Source records

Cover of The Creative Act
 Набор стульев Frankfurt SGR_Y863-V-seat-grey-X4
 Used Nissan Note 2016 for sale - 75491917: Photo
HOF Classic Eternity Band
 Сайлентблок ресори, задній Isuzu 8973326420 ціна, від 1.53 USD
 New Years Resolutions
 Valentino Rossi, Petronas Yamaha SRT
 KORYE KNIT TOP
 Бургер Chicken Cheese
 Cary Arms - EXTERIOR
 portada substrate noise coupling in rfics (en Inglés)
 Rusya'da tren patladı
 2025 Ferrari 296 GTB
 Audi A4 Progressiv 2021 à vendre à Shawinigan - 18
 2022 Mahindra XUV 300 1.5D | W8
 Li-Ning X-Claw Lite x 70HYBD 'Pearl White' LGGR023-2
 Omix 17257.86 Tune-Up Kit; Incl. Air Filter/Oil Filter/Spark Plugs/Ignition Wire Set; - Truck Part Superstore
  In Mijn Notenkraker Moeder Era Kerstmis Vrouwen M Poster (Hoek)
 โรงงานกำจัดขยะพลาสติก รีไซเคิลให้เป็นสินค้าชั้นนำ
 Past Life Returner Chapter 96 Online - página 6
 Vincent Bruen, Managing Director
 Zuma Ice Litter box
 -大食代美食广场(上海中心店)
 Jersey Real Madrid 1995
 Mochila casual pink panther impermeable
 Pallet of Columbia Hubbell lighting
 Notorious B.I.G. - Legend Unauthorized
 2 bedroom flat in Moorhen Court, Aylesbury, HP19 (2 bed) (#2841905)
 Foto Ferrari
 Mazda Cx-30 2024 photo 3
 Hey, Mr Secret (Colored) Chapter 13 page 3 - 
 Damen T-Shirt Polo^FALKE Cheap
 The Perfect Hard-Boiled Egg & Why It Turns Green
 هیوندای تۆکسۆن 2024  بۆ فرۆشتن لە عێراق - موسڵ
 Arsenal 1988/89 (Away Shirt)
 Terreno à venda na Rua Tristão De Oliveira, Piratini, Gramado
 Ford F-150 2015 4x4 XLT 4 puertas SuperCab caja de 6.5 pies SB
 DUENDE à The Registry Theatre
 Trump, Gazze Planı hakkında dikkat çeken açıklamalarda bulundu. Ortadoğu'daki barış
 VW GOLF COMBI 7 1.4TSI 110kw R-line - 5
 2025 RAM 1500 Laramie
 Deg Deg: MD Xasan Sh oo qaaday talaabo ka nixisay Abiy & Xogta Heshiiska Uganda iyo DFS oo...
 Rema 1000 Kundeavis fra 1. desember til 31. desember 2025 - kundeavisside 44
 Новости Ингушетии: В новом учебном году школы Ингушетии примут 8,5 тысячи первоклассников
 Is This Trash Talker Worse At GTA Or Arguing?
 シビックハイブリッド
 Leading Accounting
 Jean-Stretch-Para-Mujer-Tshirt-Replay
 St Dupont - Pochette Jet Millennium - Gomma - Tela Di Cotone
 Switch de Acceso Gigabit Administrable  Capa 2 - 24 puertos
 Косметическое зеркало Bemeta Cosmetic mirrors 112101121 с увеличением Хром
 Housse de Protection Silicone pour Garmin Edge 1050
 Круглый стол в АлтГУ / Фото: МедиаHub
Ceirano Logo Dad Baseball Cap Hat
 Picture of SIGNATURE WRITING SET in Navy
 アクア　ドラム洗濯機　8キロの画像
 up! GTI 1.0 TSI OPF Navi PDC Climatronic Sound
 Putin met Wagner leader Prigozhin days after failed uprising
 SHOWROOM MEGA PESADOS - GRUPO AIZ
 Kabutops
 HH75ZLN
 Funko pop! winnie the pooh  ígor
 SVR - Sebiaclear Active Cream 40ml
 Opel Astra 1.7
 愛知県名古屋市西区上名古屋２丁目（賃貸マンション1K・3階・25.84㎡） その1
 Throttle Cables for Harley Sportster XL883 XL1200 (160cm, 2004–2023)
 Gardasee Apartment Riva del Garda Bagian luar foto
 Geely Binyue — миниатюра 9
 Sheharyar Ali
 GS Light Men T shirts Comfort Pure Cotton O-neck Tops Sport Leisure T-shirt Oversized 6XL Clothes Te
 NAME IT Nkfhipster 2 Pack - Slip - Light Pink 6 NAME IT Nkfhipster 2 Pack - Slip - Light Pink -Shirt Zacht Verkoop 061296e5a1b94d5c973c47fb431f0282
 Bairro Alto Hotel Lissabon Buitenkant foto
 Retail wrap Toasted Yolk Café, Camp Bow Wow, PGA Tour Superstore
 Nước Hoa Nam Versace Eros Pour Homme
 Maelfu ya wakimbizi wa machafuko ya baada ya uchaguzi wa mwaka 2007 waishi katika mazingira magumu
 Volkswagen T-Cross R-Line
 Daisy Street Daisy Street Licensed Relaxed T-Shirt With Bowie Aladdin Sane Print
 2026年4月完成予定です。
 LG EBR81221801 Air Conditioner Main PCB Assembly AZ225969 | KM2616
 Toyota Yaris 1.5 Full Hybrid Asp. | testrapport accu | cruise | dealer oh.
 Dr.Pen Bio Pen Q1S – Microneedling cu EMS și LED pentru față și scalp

What to do: Please copy, exactly and with nothing else, the lines above beginning at the line that has "โรงงานกำจัดขยะ" and ending with the line that has "Trump, Gazze Planı".

Written response:
 โรงงานกำจัดขยะพลาสติก รีไซเคิลให้เป็นสินค้าชั้นนำ
 Past Life Returner Chapter 96 Online - página 6
 Vincent Bruen, Managing Director
 Zuma Ice Litter box
 -大食代美食广场(上海中心店)
 Jersey Real Madrid 1995
 Mochila casual pink panther impermeable
 Pallet of Columbia Hubbell lighting
 Notorious B.I.G. - Legend Unauthorized
 2 bedroom flat in Moorhen Court, Aylesbury, HP19 (2 bed) (#2841905)
 Foto Ferrari
 Mazda Cx-30 2024 photo 3
 Hey, Mr Secret (Colored) Chapter 13 page 3 - 
 Damen T-Shirt Polo^FALKE Cheap
 The Perfect Hard-Boiled Egg & Why It Turns Green
 هیوندای تۆکسۆن 2024  بۆ فرۆشتن لە عێراق - موسڵ
 Arsenal 1988/89 (Away Shirt)
 Terreno à venda na Rua Tristão De Oliveira, Piratini, Gramado
 Ford F-150 2015 4x4 XLT 4 puertas SuperCab caja de 6.5 pies SB
 DUENDE à The Registry Theatre
 Trump, Gazze Planı hakkında dikkat çeken açıklamalarda bulundu. Ortadoğu'daki barış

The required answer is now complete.